■ **Task objective**: Every line with "Small" in it should be copied from the data.

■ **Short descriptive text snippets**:
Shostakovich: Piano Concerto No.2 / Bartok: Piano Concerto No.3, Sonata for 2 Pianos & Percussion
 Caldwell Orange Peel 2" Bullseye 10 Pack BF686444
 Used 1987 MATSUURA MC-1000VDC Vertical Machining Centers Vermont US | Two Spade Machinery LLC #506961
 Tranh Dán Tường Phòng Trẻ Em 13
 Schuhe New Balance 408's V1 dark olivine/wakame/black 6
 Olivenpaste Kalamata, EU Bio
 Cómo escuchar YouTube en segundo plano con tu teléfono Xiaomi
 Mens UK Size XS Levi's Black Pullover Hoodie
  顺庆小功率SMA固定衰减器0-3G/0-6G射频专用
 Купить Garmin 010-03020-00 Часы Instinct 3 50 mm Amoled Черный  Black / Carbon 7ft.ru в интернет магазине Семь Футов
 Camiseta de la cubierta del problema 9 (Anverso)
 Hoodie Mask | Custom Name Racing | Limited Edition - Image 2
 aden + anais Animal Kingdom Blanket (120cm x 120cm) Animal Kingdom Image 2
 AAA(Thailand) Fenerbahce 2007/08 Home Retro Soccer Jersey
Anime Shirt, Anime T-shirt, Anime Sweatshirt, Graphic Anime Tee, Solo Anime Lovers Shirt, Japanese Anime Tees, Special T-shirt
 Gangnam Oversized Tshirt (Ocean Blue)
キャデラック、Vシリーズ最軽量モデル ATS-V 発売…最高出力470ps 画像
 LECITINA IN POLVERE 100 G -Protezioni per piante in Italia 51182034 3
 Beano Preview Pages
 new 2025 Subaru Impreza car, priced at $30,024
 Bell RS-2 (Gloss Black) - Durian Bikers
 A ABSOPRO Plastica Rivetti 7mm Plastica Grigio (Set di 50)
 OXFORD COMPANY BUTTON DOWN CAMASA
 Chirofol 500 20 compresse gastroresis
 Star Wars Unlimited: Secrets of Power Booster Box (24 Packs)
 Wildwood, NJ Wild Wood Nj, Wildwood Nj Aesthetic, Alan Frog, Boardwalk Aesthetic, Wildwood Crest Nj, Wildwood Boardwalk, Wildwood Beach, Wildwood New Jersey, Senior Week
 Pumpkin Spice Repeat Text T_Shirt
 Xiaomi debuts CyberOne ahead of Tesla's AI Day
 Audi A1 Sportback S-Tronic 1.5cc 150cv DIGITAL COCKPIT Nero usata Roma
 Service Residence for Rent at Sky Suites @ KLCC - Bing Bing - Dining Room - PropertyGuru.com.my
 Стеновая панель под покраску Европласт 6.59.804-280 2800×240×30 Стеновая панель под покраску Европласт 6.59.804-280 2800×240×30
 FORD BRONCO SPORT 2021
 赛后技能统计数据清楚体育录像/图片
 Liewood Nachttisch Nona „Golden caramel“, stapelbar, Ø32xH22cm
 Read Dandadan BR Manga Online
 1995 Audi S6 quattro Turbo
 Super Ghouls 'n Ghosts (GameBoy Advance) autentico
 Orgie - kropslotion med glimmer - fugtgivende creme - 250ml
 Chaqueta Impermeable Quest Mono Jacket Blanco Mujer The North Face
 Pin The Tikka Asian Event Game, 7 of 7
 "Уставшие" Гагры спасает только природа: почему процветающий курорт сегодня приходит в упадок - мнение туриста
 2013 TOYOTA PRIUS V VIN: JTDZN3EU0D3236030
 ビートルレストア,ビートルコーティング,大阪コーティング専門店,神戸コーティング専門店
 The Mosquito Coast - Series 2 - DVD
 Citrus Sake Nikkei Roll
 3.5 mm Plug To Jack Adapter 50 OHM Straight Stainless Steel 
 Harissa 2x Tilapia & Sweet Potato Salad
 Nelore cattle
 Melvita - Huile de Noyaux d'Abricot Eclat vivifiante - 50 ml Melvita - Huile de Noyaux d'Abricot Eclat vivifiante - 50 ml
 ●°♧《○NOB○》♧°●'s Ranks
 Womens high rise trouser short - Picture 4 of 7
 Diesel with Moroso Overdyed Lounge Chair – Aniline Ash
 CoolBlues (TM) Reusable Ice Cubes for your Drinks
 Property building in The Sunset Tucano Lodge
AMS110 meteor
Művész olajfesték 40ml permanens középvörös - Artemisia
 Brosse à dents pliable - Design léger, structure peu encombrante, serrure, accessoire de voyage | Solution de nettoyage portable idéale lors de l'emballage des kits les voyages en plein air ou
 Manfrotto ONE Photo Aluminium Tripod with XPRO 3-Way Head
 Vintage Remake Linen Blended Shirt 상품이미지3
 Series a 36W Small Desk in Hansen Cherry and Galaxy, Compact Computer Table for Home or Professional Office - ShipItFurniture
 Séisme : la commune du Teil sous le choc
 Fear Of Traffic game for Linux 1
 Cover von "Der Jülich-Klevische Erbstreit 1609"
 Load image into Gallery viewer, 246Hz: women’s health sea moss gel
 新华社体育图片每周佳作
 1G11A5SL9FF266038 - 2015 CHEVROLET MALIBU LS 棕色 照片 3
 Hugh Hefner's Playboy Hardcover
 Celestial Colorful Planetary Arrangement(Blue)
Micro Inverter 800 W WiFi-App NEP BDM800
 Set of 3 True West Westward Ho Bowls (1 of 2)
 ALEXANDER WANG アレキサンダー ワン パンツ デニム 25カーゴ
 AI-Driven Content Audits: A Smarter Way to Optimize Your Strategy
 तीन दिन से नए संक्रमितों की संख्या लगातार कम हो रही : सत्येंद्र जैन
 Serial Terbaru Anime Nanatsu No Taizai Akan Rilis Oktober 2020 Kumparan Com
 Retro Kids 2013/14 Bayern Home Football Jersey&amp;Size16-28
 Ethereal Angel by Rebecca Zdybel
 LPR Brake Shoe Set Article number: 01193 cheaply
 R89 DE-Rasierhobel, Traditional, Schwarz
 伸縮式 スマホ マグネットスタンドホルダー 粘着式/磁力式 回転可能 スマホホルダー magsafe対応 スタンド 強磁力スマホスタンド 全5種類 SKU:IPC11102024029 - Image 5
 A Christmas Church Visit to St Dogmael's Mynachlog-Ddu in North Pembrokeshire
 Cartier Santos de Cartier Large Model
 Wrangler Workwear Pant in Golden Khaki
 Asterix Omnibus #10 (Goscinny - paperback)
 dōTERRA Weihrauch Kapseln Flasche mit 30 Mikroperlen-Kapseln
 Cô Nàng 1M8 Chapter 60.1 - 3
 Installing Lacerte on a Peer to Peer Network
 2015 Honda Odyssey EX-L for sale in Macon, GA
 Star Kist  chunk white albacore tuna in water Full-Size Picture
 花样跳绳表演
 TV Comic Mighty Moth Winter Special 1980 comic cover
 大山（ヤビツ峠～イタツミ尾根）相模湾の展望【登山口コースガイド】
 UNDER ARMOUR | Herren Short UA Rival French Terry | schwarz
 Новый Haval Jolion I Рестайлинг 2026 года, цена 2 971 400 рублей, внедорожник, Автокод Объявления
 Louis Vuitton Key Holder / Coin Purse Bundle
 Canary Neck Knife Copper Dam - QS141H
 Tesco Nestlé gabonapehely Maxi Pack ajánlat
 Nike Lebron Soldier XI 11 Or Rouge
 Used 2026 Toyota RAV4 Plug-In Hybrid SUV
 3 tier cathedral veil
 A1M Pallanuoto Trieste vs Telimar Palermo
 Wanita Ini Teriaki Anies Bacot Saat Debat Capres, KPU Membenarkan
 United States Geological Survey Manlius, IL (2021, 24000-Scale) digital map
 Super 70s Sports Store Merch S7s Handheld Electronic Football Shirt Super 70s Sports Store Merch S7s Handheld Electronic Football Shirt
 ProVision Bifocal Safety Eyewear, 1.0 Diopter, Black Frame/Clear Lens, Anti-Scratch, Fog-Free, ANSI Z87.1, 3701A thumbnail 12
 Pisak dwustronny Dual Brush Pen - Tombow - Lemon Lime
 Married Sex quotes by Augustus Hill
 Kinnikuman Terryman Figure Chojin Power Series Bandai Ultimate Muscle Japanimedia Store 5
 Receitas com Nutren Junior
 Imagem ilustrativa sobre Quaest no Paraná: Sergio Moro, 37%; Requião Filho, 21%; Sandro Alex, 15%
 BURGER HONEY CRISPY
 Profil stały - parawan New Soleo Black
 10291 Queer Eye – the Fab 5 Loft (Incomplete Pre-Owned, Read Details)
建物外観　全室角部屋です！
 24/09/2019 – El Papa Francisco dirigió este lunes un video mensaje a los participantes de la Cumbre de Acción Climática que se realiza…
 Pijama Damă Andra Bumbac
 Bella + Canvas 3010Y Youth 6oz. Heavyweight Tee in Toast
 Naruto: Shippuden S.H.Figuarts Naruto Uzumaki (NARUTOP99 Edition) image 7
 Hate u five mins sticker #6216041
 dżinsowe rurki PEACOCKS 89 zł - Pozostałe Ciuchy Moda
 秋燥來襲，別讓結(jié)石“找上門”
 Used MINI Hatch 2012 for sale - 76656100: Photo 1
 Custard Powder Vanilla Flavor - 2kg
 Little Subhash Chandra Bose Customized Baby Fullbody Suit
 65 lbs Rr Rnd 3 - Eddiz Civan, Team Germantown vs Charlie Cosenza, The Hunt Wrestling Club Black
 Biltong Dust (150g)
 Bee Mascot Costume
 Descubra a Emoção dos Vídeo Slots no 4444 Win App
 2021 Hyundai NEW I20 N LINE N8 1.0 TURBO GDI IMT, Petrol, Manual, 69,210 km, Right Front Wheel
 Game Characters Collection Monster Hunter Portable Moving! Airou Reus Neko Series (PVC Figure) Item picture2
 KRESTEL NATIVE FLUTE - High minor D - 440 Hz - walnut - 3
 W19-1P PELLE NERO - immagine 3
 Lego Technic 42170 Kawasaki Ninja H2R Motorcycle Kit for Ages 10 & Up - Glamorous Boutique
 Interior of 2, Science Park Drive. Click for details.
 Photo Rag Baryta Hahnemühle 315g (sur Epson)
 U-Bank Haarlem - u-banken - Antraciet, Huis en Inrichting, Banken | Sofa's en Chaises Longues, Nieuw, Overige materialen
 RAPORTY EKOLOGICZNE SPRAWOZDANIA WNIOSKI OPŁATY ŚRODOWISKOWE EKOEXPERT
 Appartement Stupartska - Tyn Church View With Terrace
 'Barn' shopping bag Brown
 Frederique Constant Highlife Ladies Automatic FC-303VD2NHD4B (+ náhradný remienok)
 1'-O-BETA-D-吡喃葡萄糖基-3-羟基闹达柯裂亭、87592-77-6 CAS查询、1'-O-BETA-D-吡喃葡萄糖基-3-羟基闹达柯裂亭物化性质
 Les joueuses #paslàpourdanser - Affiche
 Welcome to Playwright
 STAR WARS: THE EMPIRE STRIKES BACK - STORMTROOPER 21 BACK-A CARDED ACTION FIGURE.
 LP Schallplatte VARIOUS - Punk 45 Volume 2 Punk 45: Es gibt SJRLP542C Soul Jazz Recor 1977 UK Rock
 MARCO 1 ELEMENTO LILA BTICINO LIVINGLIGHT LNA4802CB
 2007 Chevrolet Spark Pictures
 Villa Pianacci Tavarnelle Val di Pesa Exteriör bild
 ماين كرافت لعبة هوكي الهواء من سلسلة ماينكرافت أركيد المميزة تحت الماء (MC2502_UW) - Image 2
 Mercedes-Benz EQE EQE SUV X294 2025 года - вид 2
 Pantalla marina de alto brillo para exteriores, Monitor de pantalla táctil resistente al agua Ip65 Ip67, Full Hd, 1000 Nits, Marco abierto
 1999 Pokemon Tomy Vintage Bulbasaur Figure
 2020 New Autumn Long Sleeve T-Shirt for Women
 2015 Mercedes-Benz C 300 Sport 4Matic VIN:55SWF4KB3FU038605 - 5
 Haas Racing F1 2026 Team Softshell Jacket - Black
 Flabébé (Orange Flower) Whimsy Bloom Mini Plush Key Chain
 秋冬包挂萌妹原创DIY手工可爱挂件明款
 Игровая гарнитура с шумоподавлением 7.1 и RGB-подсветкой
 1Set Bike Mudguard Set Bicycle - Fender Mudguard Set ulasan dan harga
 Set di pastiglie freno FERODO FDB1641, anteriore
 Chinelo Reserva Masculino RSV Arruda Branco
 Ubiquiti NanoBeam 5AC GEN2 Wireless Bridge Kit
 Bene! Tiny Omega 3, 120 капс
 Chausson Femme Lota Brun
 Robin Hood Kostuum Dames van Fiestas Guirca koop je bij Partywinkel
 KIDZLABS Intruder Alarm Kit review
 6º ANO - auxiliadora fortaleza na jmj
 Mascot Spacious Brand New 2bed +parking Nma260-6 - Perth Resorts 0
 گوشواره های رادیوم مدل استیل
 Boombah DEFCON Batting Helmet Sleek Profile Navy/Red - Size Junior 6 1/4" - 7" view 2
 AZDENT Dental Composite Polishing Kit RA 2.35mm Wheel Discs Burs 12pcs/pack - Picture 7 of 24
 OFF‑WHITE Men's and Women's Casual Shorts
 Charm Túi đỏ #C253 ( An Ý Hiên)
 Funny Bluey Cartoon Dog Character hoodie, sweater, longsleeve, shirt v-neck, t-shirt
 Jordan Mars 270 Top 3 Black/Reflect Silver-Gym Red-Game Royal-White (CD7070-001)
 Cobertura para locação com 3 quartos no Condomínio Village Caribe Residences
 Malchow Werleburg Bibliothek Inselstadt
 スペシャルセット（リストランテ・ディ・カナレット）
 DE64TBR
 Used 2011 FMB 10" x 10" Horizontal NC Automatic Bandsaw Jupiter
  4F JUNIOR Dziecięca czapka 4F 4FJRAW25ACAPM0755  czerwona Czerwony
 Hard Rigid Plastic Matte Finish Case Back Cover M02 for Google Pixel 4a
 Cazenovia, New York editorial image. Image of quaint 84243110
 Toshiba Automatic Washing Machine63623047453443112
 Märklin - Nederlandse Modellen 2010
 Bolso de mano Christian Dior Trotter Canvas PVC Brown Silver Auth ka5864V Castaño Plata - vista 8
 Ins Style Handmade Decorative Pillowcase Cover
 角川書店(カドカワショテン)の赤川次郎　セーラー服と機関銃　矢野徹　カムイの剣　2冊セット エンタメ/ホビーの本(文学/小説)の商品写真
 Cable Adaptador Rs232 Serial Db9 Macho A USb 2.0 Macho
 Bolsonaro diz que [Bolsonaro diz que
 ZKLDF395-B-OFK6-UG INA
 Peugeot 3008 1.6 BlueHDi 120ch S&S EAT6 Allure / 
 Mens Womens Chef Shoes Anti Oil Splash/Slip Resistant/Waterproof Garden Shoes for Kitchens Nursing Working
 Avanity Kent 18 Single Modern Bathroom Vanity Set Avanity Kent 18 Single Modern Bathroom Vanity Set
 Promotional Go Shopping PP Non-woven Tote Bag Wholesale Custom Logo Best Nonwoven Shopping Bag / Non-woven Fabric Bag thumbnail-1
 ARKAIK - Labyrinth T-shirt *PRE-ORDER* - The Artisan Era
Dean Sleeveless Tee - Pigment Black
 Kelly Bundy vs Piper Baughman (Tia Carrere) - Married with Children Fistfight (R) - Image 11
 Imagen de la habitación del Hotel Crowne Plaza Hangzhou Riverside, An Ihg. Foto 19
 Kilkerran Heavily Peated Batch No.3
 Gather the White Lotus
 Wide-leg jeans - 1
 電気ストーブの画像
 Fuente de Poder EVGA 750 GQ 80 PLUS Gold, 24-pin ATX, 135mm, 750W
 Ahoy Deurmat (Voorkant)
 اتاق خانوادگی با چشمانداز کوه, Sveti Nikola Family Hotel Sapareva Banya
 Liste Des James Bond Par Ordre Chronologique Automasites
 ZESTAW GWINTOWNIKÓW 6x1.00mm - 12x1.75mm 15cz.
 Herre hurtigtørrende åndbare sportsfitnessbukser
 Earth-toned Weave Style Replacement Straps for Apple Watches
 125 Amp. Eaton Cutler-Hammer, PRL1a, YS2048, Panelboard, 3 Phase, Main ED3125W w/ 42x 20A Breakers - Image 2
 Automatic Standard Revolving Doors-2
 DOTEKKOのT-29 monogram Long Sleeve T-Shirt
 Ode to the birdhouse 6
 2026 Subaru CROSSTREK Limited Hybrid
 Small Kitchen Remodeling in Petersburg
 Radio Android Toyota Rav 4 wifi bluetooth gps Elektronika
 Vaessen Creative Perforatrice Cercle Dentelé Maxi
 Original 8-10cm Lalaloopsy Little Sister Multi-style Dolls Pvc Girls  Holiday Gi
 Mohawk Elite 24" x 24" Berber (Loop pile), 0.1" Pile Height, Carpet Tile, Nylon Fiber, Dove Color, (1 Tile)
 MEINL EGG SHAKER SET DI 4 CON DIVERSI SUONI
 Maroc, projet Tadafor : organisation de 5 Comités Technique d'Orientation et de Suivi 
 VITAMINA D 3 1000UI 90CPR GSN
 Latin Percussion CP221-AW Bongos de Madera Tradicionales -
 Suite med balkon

■ **Finished task**:
 Series a 36W Small Desk in Hansen Cherry and Galaxy, Compact Computer Table for Home or Professional Office - ShipItFurniture
 Small Kitchen Remodeling in Petersburg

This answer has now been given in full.